REPUBLIKA.CO.ID, NEW YORK -- Harga minyak dunia jatuh ke tingkat terendah dalam 12 tahun pada Kamis (7/1) atau Jumat pagi (8/1). Hal ini karena gejolak pasar Cina meningkatkan kekhawatiran tentang keadaan konsumen minyak mentah terbesar kedua di dunia itu.
Patokan AS, minyak mentah light sweet atau West Texas Intermediate (WTI) untuk pengiriman Februari, turun 70 sen atau 2,1 persen menjadi berakhir di 33,75 dolar AS per barel di New York Mercantile Exchange. WTI telah mencapai angka serendah 32,10 dolar AS di perdagangan Eropa. Sebelumnya, tingkat yang terakhir terlihat pada Desember 2003.
Di London, untuk patokan Eropa, minyak mentah Brent North Sea untuk penyerahan Februari turun 48 sen (1,4 persen) menjadi ditutup pada 33,75 dolar AS per barel. Sebelumnya Brent telah jatuh ke 32,16 dolar AS, level terendah sejak April 2004.
Tim Evans dari Citi Futures mengatakan aksi jual terjadi setelah penurunan tajam tujuh persen dalam ekuitas Cina yang memicu aliran perdagangan penghindaran risiko yang lebih luas. Karena para investor di seluruh dunia semakin khawatir."

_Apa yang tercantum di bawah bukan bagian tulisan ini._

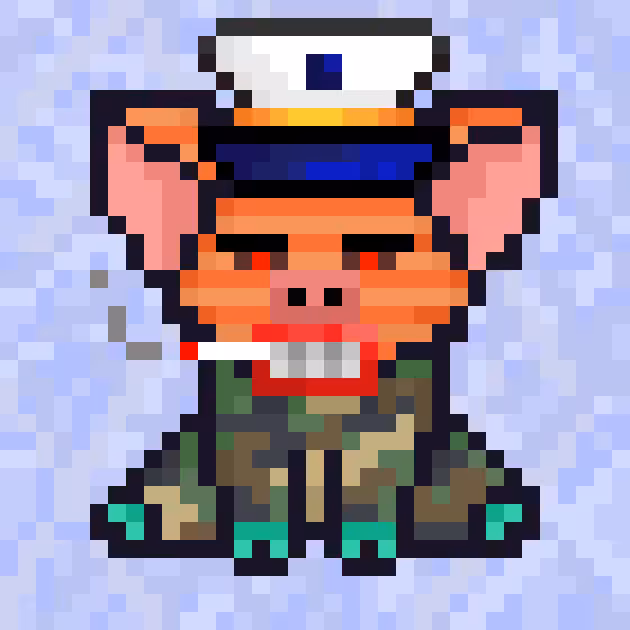 Punk Pig #01658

"Pasar telah mampu pulih karena perburuan harga murah di tingkat lebih rendah, ini menunjukkan kelebihan jual yang cukup untuk bergeser ke mode konsolidasi, tapi kami melihat pasar masih memiliki fundamental yang rapuh, dengan kembalinya barel Iran yang saat ini ditahan oleh sanksi masih akan datang," kata Evans.

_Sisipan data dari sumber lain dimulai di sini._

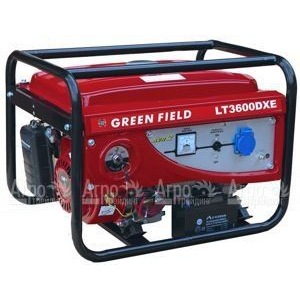 Бензиновый генератор Green Field LT 3600 DX 2,5 кВт в Иваново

Harga minyak telah jatuh tajam sejak awal Tahun Baru 2016 karena kekhawatiran dari Cina. Tetapi sebagian juga karena kekhawatiran bahwa konflik yang sedang berlangsung antara produsen penting minyak yakni Iran dan Arab Saudi akan meredupkan prospek penurunan produksi.
Organisasi Negara-negara Pengekspor Minyak (OPEC), yang mencakup kedua negara tersebut, secara efektif menjatuhkan batas produksi mereka pada awal Desember, meskipun sedang kelebihan pasokan global.